Programming Languages: Chapter 1: Introduction
Programming languages
Some fundamental questions
- what is a language? a medium of communication
- what is a program? a set of instructions which a computer understands and follows
- what is a programming language? a notational system for describing computation in human-readable and machine-readable form
- is HTML a programming language?
- `a programming language is Turing complete provided it has integer variables and arithmetic and sequentially executes statements, which include assignment, selection (if), and loop (while) statements' [PLPP] p. 13
- or alternatively, `a programming language is Turing complete if it has integer values, arithmetic functions on those values, and if it has a mechanism for defining new functions using existing functions, selection, and recursion' [PLPP] p. 17
- what is a programming language concept?
- parameter passing (by-value, by-reference)
- typing (static or dynamic)
- support for abstraction (procedural, data)
- scope (static or dynamic)
- implementation (interpreted or compiled)
- as you can see, often has options
- on which criteria can we evaluate programming languages?
- four main criteria (desiderata for computer languages)
- readability
- writability
- reliability (safety)
- cost (efficiency) of execution or development or both?

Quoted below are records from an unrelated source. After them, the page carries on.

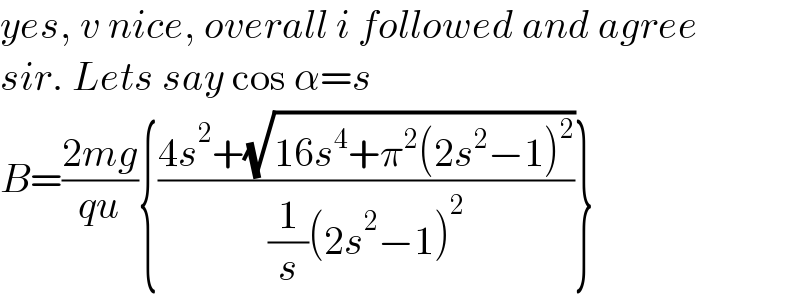 yes, v nice, overall i followed and agree  sir. Lets say cos α=s  B=((2mg)/(qu)){((4s^2 +(√(16s^4 +π^2 (2s^2 −1)^2 )))/((1/s)(2s^2 −1)^2 ))}  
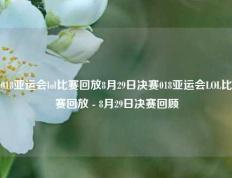 018亚运会lol比赛回放8月29日决赛018亚运会LOL比赛回放 - 8月29日决赛回顾
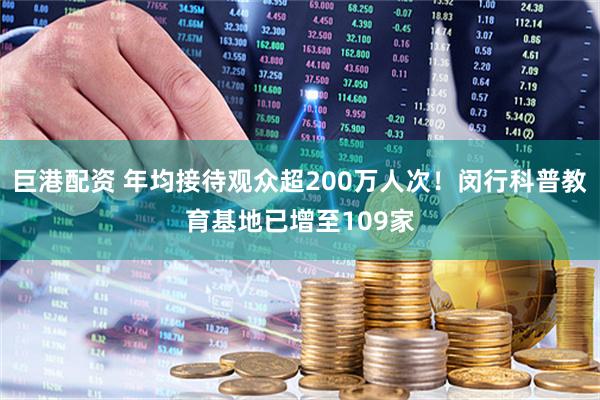 巨港配资 年均接待观众超200万人次！闵行科普教育基地已增至109家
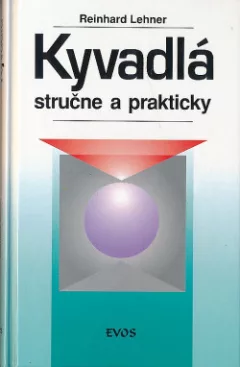 Kyvadlá stručne a prakticky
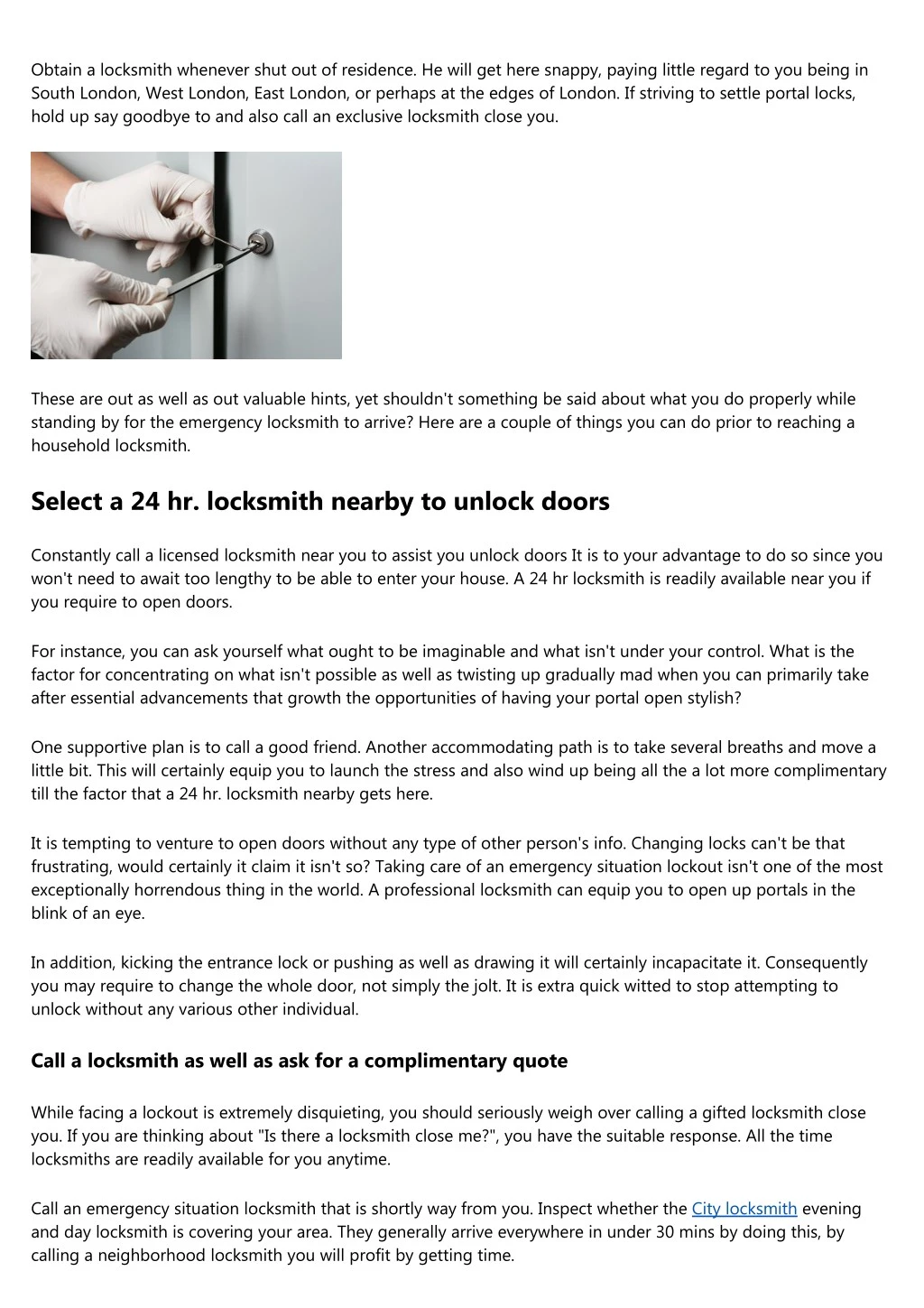 obtain a locksmith whenever shut out of residence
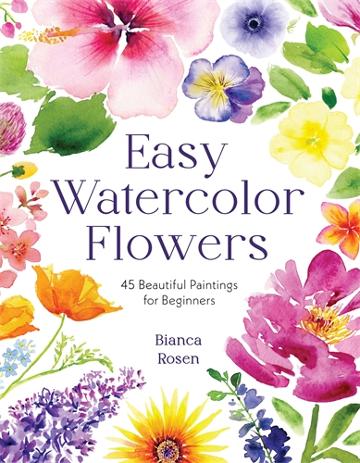 Easy Watercolor Flowers 45 Beautiful Paintings for Beginners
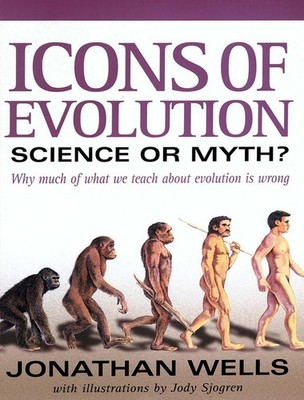 Icons of Evolution: Science or Myth? Why Much of What We Teach About Evoluti...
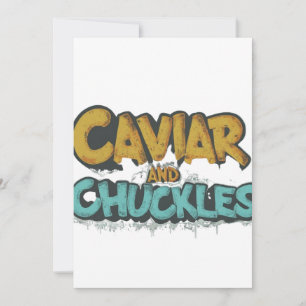 Caviar and Chuckles" Invitation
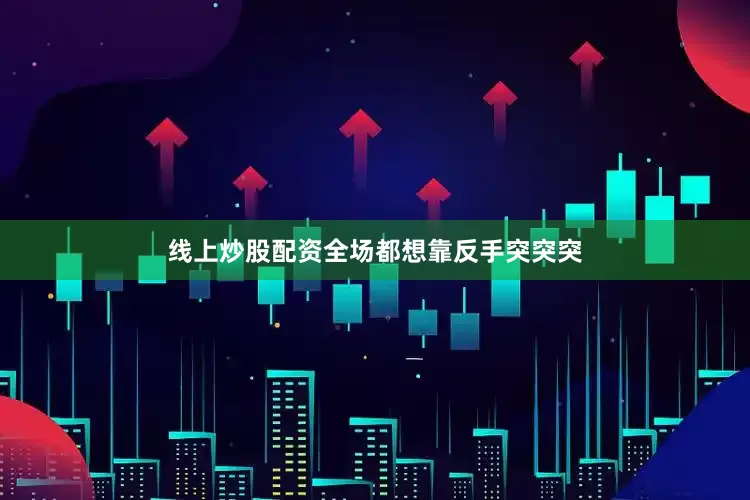 线上炒股配资全场都想靠反手突突突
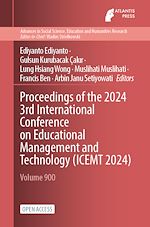 Download this eBook Proceedings of the 2024 3rd International Conference on Educational Management and Technology (ICEMT 2024)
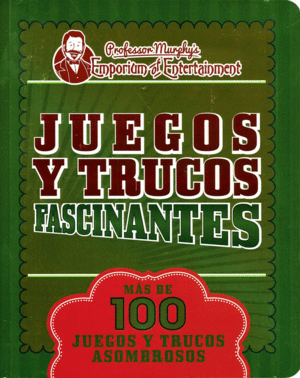 JUEGOS Y TRUCOS FASCINANTES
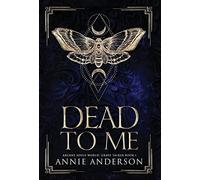 Annie Anderson Dead to Me (Copertina rigida) Grave Talker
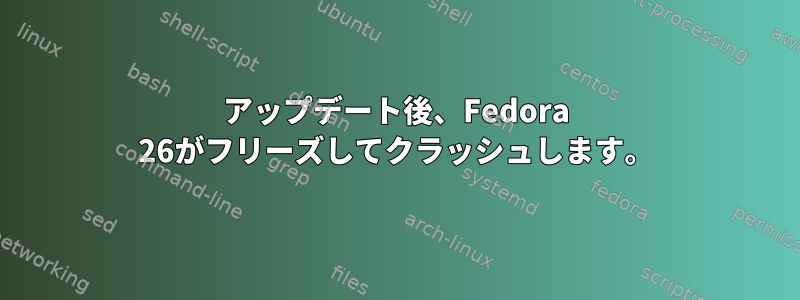 アップデート後、Fedora 26がフリーズしてクラッシュします。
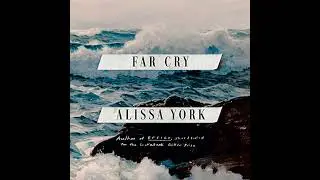 Far Cry by Alissa York | Full Audiobook
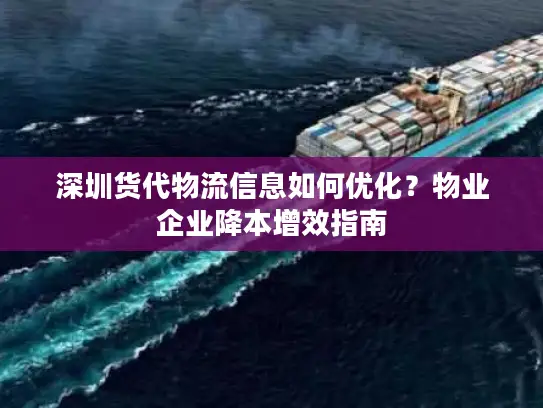 深圳货代物流信息如何优化？物业企业降本增效指南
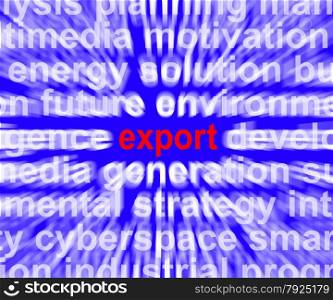 Ideas Word Showing Improvement Concepts Or Creativity. Export Word Meaning International Trade And Shipping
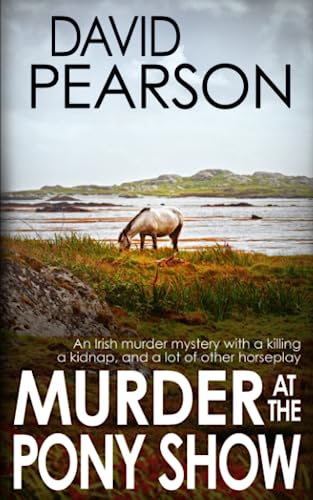 MURDER AT THE PONY SHOW: An Irish murder mystery with a killing, a kidnap, and a lot of other horseplay (The Galway Homicides)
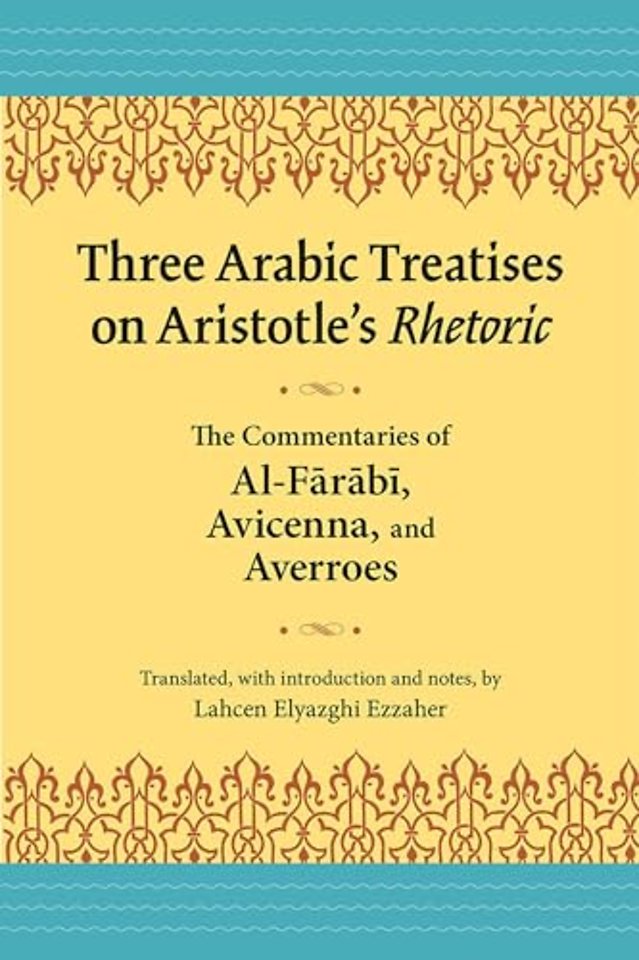 Three Arabic Treatises on Aristole`s Rhetoric – The Commentaries of Al–Farabi, Avicenna, and Averroes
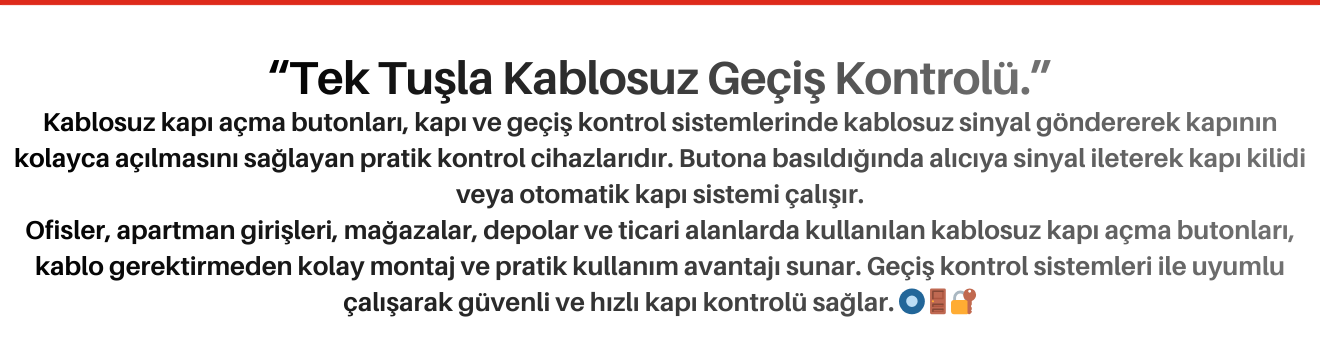 Kablosuz Kapı Açma Butonları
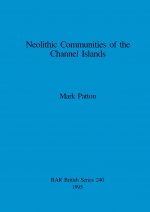 Neolithic Communities of the Channel Islands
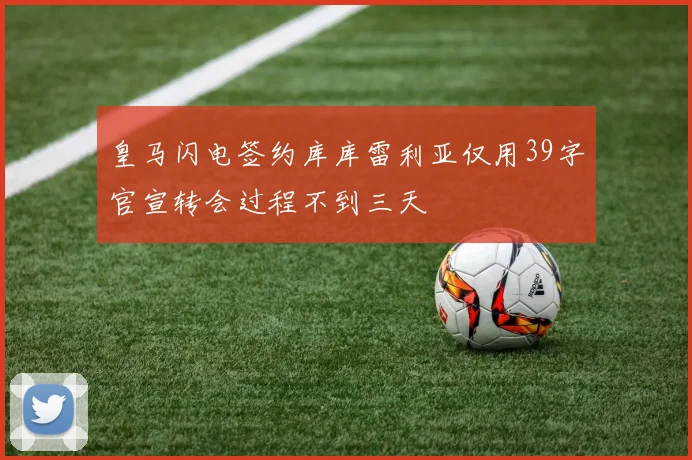 皇马闪电签约库库雷利亚仅用39字官宣转会过程不到三天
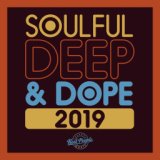 Soulful Deep & Dope 2019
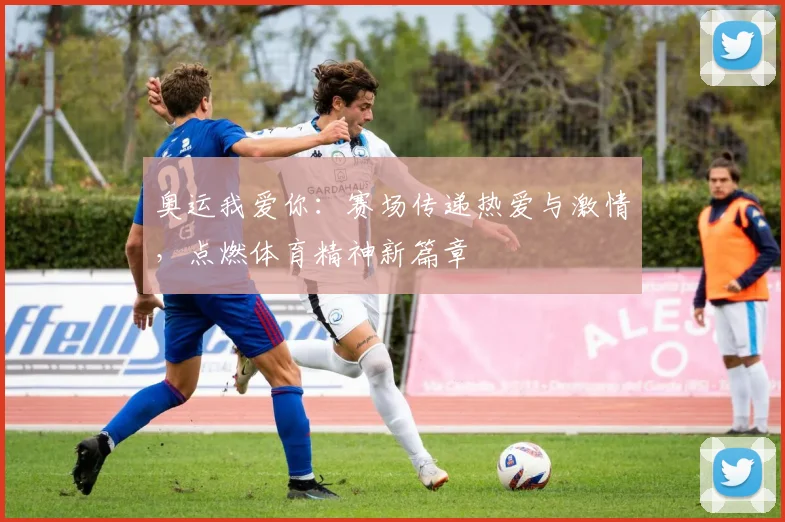 奥运我爱你：赛场传递热爱与激情，点燃体育精神新篇章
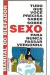 Sexo - Tudo que Voce Precisa Saber - Autor: Tim Webb (1992) [usado]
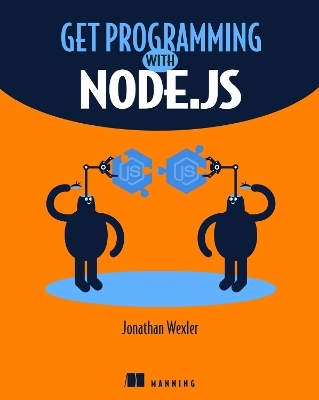 Get Programming with Node.js - Jonathan Wexler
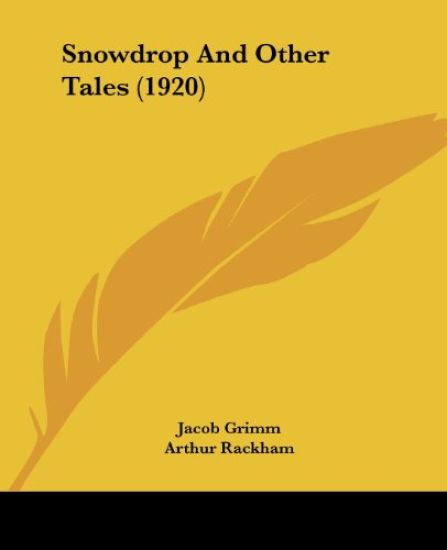 Snowdrop And Other Tales
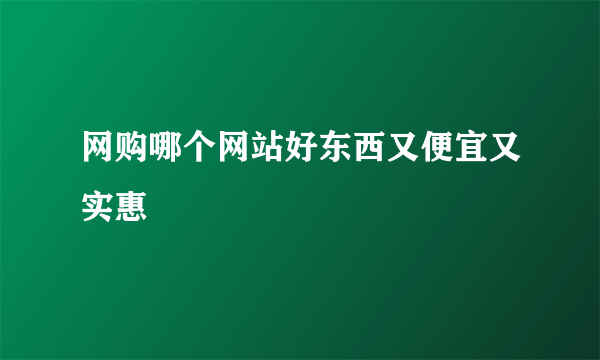 网购哪个网站好东西又便宜又实惠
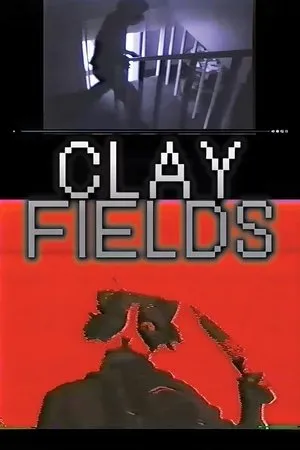 Постер к фильму Clay Fields (2003)
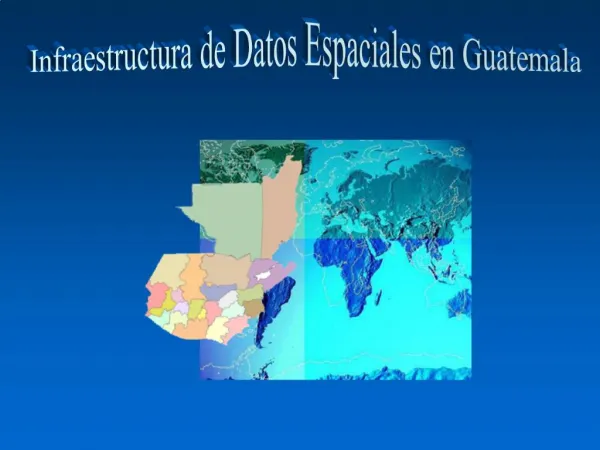 Infraestructura de Datos Espaciales en Guatemala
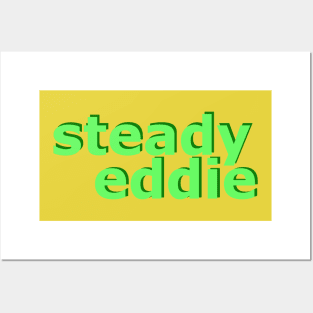 Steady Eddie No 2 Posters and Art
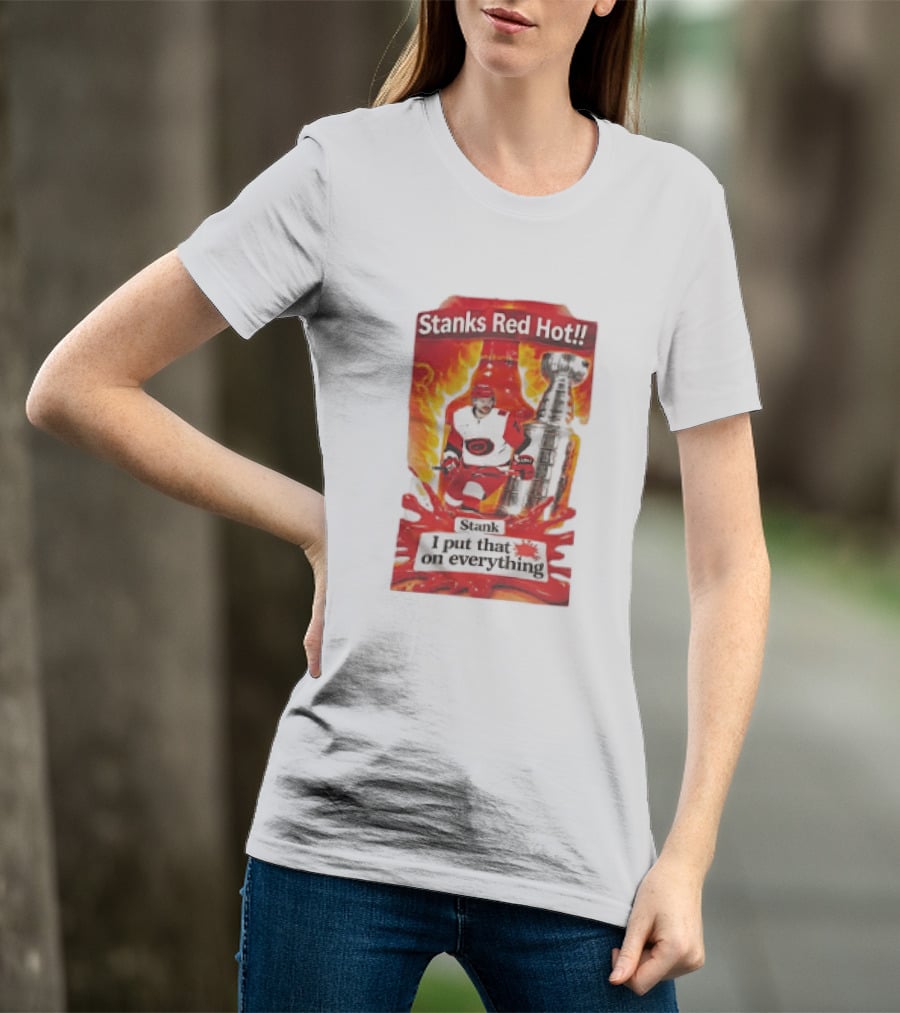 Stanks Red Hot I Put That On Everything Carolina Hurricanes Hockey Stanley Cup Flames Bottles T-Shirt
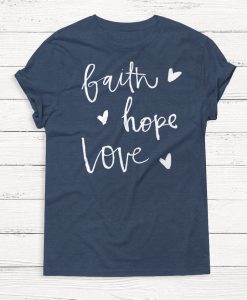 Faith Hope Love - Woman's Shirt - Pop Culture - Jesus - God - Christian Shirt - Tumblr T Shirt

- how are readability and writability related?
- others?
Binding times
- a useful concept for studying language concepts
- a mapping from representation → intended meaning
The times of our lives (and their bindings)
- conception
- sex
- parents
- older siblings (if any)
- DNA
- birth: dob, name, ssn
- life
- death
Times in the study of programming languages
- language definition time:
- keyword int bound to meaning of integer
- N. Wirth (designer of Pascal): program mypgm () begin end
- language implementation time: int datatype bound to a size (e.g., 4 bytes)
- compile time: identifer x bound to an integer variable
- link time: printf is bound to the definition
- load time:
- variable x bound to memory cell at address 7cd7
- could be at run-time as well (consider a variable local to a function)
- run-time: x bound to value 10
- some are static, some are dynamic
- static: before run-time, and unchangeable
- dynamic: at or during run-time, and modifiable
- earlier times imply
- safety
- reliability
- predictability, no surprises
- efficiency
- later times imply flexibility
- interpreted languages (e.g., Scheme): most bindings are dynamic (i.e., happen at run-time)
- compiled languages (e.g., C, C++, FORTRAN): most bindings are static (i.e., happen before run-time)
Early vs. late binding
- humans analogy
- parents and sex are bound statically (at conception)
- birthday is bound statically (at birth)
- height is bound and re-bound dynamically (throughout life)
- a programming language should be an algorithm for algorithm development, rather than just a tool to implement an algorithm (recall oil painting)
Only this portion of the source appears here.